STS-113 Status Report #10 - Nov. 28, 2002
Submitted by Arthur - N1ORC
A Thanksgiving Day spacewalk will highlight activities aboard Endeavour and the International Space Station today. Endeavour Mission Specialists Mike Lopez-Alegria and John Herrington will exit the station's Quest airlock for a second time during this mission to begin a 6½-hour spacewalk.....STS-113 MCC Status Report #10
Thursday, Nov. 28, 2002 8:00 a.m. CST
Mission Control Center, Houston, Texas
A Thanksgiving Day spacewalk will highlight activities aboard Endeavour
and the International Space Station today.
Endeavour Mission Specialists Mike Lopez-Alegria and John Herrington will
exit the station's Quest airlock for a second time during this mission to
begin a 6½-hour spacewalk. Scheduled to begin about 1:20 p.m. central
time, the work outside the station today will see Lopez-Alegria and
Herrington connect fluid lines from the new Port One (P1) truss segment
to the Starboard Zero (S0) truss; install a second wireless video antenna
system to the P1; relocate stanchions that were used to hold the P1 in
place during launch; and move a Crew Equipment Translation Aid railway
handcar from the P1 to the Starboard One (S1) truss.

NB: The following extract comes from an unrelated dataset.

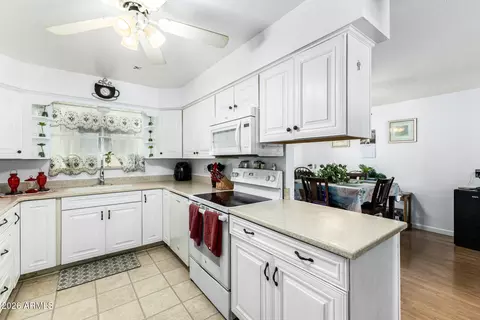 Kitchen - 5519 E Casper Rd, Mesa, AZ 85205 photo 2 of 2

Endeavour Pilot Paul Lockhart will coordinate the spacewalk from the
orbiter's flight deck and Endeavour Commander Jim Wetherbee will provide
photo and TV support. From the ISS, Expedition Five NASA Science Officer
Peggy Whitson will provide robotic arm support using the station's
Canadarm2, and will be assisted by Expedition Six NASA ISS Science
Officer Don Pettit.
Expedition Five Commander Valery Korzun, Whitson and Flight Engineer
Sergei Treschev will also continue their handover and training briefings
for Expedition Six Commander Ken Bowersox, Flight Engineer Nikolai
Budarin and Pettit.
Whitson and Bowersox will take some time today to test the station's
bicycle ergometer, which experienced some trouble over the weekend. In
addition to being used for exercise, it is used as part of a
pre-spacewalk protocol to purge nitrogen from crewmembers' bodies.
Testing of the Carbon Dioxide Removal Assembly in the station's Destiny
laboratory continued overnight and showed that maintenance work performed
by the crew on Wednesday had resolved a faulty valve problem with the
system.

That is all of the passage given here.